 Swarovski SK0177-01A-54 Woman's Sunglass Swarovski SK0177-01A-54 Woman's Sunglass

==

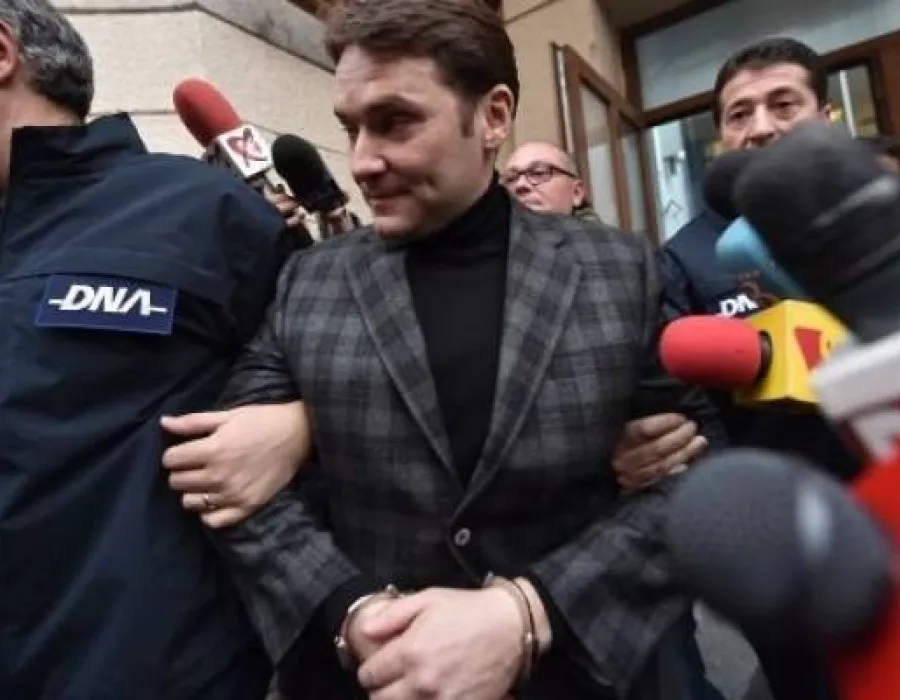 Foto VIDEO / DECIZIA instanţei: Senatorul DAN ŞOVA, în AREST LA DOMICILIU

--

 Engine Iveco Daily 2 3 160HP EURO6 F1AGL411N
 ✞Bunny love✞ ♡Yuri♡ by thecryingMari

**TASK TO CARRY OUT:** Please make an exact copy of the lines above from the line with "Engine Iveco Daily 2 3 160HP EURO6 F1AGL411N" through the line with "love✞ ♡Yuri♡ by thecryingMari", both ends included.

**YOUR RESPONSE:**
 Engine Iveco Daily 2 3 160HP EURO6 F1AGL411N
 ✞Bunny love✞ ♡Yuri♡ by thecryingMari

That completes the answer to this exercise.